Department of Vascular Surgery, Shandong Provincial Hospital Affiliated to Shandong University, Ji'nan, Shandong, China.

出版信息

Vascular. 2018 Dec;26(6):591-599. doi: 10.1177/1708538118776854. Epub 2018 Jun 4.
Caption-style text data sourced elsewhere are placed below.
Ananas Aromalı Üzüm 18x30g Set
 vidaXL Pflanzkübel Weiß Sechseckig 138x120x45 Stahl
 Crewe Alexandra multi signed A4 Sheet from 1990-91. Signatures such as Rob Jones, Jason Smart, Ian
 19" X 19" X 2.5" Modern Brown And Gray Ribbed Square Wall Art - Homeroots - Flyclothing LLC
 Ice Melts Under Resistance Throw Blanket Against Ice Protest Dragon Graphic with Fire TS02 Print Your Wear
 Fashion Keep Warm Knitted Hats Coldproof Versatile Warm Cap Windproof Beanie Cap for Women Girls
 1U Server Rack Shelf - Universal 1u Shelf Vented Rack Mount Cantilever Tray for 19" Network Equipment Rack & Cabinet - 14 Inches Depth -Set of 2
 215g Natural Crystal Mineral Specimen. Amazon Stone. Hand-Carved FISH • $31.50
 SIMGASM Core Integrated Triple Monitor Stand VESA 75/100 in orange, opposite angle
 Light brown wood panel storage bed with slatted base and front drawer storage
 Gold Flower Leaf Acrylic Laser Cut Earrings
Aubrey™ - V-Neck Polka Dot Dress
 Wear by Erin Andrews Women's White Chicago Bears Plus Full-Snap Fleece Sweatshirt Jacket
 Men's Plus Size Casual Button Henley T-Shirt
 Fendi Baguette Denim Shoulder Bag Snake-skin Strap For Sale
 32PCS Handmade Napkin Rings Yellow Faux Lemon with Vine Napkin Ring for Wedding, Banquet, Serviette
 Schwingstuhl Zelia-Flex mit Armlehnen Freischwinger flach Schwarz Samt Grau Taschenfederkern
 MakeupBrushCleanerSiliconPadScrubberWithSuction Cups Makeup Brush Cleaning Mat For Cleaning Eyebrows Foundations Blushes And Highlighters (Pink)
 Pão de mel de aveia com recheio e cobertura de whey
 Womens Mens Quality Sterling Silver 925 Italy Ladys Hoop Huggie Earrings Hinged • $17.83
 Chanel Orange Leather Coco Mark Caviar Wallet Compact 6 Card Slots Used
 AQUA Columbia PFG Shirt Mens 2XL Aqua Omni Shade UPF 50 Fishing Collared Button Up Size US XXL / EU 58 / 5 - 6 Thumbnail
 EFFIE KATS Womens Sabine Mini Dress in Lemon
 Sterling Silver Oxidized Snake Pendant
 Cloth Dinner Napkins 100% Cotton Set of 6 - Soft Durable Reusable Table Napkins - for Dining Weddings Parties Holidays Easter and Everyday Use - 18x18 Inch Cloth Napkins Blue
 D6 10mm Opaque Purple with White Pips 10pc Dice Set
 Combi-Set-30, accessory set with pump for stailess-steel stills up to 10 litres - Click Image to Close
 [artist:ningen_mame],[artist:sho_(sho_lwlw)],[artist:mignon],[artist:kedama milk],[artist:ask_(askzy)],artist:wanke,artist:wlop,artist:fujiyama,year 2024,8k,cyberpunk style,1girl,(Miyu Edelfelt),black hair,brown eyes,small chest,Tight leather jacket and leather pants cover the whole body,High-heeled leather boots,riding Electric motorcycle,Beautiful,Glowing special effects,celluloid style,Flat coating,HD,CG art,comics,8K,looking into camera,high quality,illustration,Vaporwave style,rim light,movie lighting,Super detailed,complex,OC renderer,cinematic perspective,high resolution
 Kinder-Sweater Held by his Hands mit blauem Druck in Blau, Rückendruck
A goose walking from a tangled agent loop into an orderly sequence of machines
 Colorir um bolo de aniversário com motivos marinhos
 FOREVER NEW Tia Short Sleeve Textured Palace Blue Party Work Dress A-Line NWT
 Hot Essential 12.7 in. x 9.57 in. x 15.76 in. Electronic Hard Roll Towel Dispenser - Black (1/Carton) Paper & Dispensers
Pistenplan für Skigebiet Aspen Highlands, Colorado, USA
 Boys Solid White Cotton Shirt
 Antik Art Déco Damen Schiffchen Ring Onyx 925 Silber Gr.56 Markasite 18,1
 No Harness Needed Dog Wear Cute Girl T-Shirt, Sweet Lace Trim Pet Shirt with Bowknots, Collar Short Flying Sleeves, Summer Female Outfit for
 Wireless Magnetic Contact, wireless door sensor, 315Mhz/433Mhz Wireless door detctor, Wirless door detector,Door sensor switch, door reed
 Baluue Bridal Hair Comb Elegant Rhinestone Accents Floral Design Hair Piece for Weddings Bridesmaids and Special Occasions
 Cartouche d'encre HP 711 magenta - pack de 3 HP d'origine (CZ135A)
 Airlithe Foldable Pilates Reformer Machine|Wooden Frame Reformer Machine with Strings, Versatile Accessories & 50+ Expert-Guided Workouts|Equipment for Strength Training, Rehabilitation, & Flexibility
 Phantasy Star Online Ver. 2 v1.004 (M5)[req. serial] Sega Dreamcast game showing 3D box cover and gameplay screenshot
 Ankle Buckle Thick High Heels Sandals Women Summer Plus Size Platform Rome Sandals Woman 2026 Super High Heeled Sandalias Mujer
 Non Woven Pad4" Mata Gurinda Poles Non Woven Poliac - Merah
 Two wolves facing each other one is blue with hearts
DOI:10.1177/1708538118776854
PMID:29863442
Abstract

PURPOSE

Isolated iliac artery aneurysms are the relatively uncommon condition. This study aims to evaluate the technical issues and clinical outcomes of endovascular repair in a cohort of isolated iliac artery aneurysms treated.

METHODS

We retrospectively reviewed 22 consecutive patients with isolated iliac artery aneurysms between December 2006 and September 2016. Iliac artery aneurysms were treated in one of the three ways: (1) standard bifurcated aortic stent graft placement with limb extension; (2) coverage of iliac artery aneurysms with covered stent grafts; and (3) embolization of the arterial branches distal to the aneurysms with coils or vascular plugs.

RESULTS

Twenty-two patients (20 men) with a mean age 64.7 years underwent endovascular repair during the study period. The median diameter of the isolated iliac artery aneurysms was 5.9 ± 1.7 cm (2.9-9.0 cm). Technical success was 95.5%. Conversion to open surgery was performed in one patient with bilateral internal iliac artery aneurysms. Four patients underwent placement of a bifurcated stent graft. A covered stent graft was deployed in 16 patients, with embolization of internal iliac artery in 14 patients. Simple coil embolization of isolated internal iliac artery aneurysm was performed in one patient. There was one sudden cardiac death on day 4 after the procedure due to heart failure. During the follow-up period (range: 1-50 months, mean 19.8 months), five patients died of causes not related to isolated iliac artery aneurysms, and transient buttock claudication was observed in one patient.

CONCLUSIONS

Our study documents the safety and effectiveness of endovascular repair of isolated iliac artery aneurysms with low morbidity and mortality.

摘要

目的

孤立性髂动脉瘤是一种相对罕见的疾病。本研究旨在评估一组接受治疗的孤立性髂动脉瘤患者进行血管腔内修复的技术问题及临床疗效。

方法

我们回顾性分析了2006年12月至2016年9月期间连续收治的22例孤立性髂动脉瘤患者。髂动脉瘤采用以下三种方法之一进行治疗:(1)标准分叉型主动脉覆膜支架置入并延长分支;(2)用覆膜支架覆盖髂动脉瘤;(3)用弹簧圈或血管塞栓塞动脉瘤远端的动脉分支。

结果

研究期间,22例患者(20例男性)平均年龄64.7岁接受了血管腔内修复。孤立性髂动脉瘤的中位直径为5.9±1.7 cm(2.9 - 9.0 cm)。技术成功率为95.5%。1例双侧髂内动脉瘤患者转为开放手术。4例患者置入了分叉型支架移植物。16例患者置入了覆膜支架,其中14例患者栓塞了髂内动脉。1例患者对孤立性髂内动脉瘤进行了单纯弹簧圈栓塞。术后第4天有1例因心力衰竭突然心脏死亡。随访期间(范围:1 - 50个月,平均19.8个月),5例患者死于与孤立性髂动脉瘤无关的原因,1例患者出现短暂性臀部间歇性跛行。

结论

我们的研究证明了孤立性髂动脉瘤血管腔内修复的安全性和有效性,其发病率和死亡率较低。